INHU - Kepala Desa Alim, Kabupaten Indragiri Hulu (Inhu), berinisial EP, resmi ditetapkan sebagai tersangka oleh Polres Inhu dalam kasus kebakaran hutan dan lahan (karhutla). Ia diduga terlibat dalam penjualan kawasan hutan produksi terbatas (HPT) untuk dijadikan kebun sawit.
Kapolres Inhu, AKBP Fahrian Saleh Siregar, mengungkapkan kasus ini bermula dari deteksi titik panas (hotspot) melalui sistem pemantauan Dashboard Lancang Kuning pada Rabu, 2 Juli 2025. Tim gabungan dari Bhabinkamtibmas Desa Alim dan Satreskrim Polres Inhu kemudian menindaklanjuti informasi tersebut dengan pengecekan ke lokasi.
“Tim menemukan sekitar 4 hektare kawasan hutan yang terbakar dengan api masih menyala,” ujar Fahrian, Senin (21/7/2025).
Penyelidikan lebih lanjut mengungkap bahwa lahan tersebut dikelola oleh seorang bernama VP, yang saat ini masih dalam pengejaran. Polisi menelusuri asal-usul administratif lahan itu dan menemukan bahwa lahan tersebut dijual oleh tersangka RMS, dan dilegalkan secara ilegal oleh EP melalui dua surat keterangan tanah (SKGR).
Polres Inhu lalu menangkap tiga orang tersangka pada Minggu malam, 20 Juli 2025. Mereka adalah RMS (penjual lahan), SBJ (juru ukur yang juga Ketua RT 014), dan EP (Kepala Desa Alim).

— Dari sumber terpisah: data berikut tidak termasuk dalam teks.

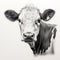 Realistic Black And White Cow Portrait Tattoo Drawing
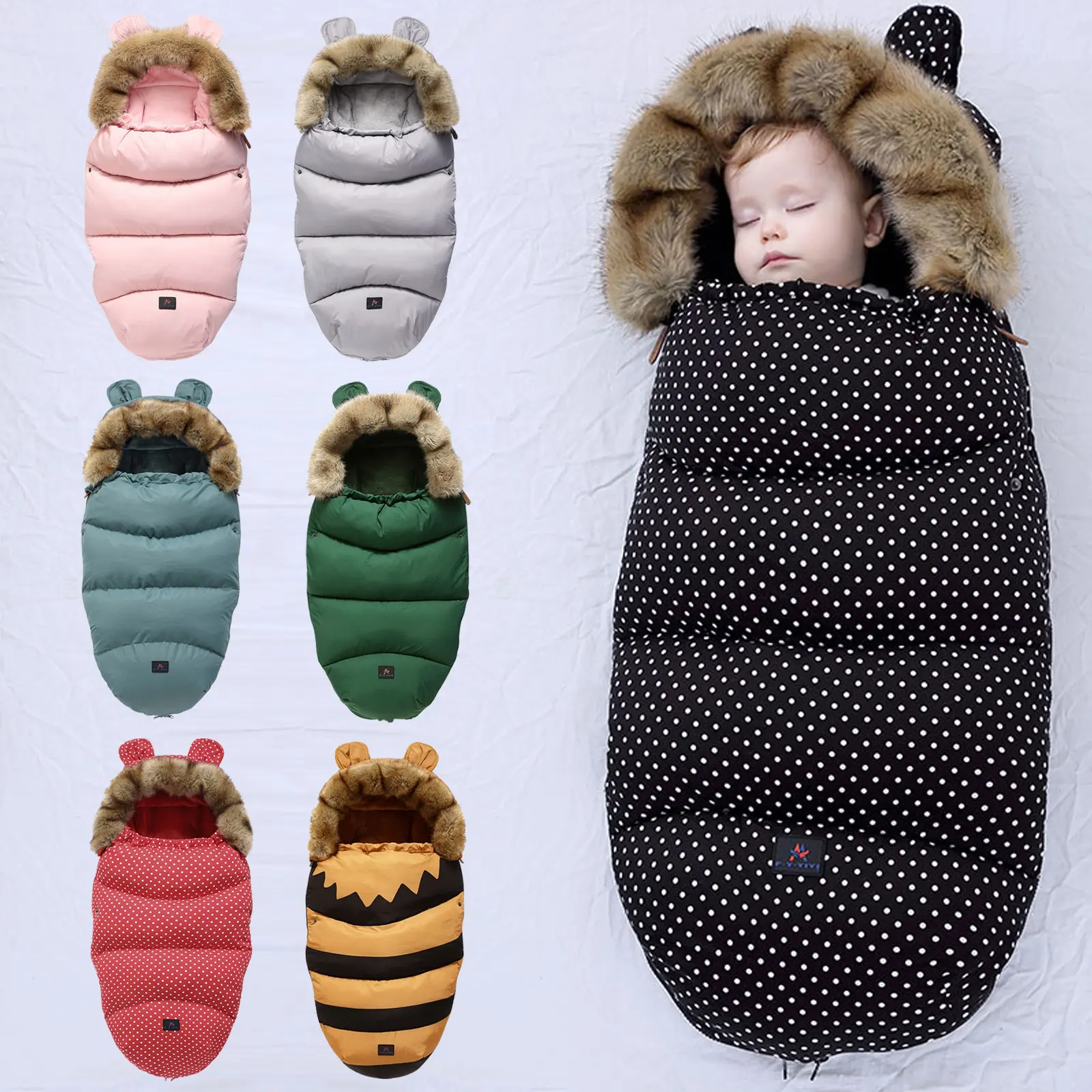 

Windproof Warm Baby Stroller Footmuff Foot Cover Sleeping Bag with Detachable Hood for Infant Pushchairs Accessories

“Ketiganya telah ditetapkan sebagai tersangka setelah dilakukan gelar perkara. Kepala Desa Alim, EP, menjadi salah satu tersangka utama,” kata Fahrian.
EP diduga menerima keuntungan pribadi sebesar Rp500.000 untuk setiap SKGR yang diterbitkannya. Praktik ini menjadi bukti penyalahgunaan wewenang yang berdampak pada kerusakan lingkungan.
Barang bukti yang diamankan meliputi dua bilah parang, satu cangkul, dua bibit sawit, dua lembar SKGR atas nama Ronal Masdar Sianipar, serta satu lembar kwitansi jual beli lahan yang ditandatangani oleh VP.
Selain itu, polisi juga telah menahan tersangka lainnya berinisial RP, yang diduga sebagai pelaku utama pembakaran lahan dalam kasus ini.
Para tersangka dijerat dengan Pasal 36 dan 37 Undang-Undang Nomor 6 Tahun 2023 tentang Penetapan Perppu Nomor 2 Tahun 2022, serta Pasal 55 dan 56 KUHP.
“Mereka terancam hukuman pidana karena menduduki kawasan hutan secara ilegal dan melakukan kegiatan perkebunan tanpa izin dari pemerintah pusat,” tegas Fahrian.
Ia menegaskan bahwa pihak kepolisian akan memproses kasus ini hingga tuntas secara profesional, tanpa pandang bulu.
“Penegakan hukum seperti ini diharapkan bisa menjadi efek jera dan mencegah terjadinya karhutla, terutama di tengah musim kemarau,” tutupnya.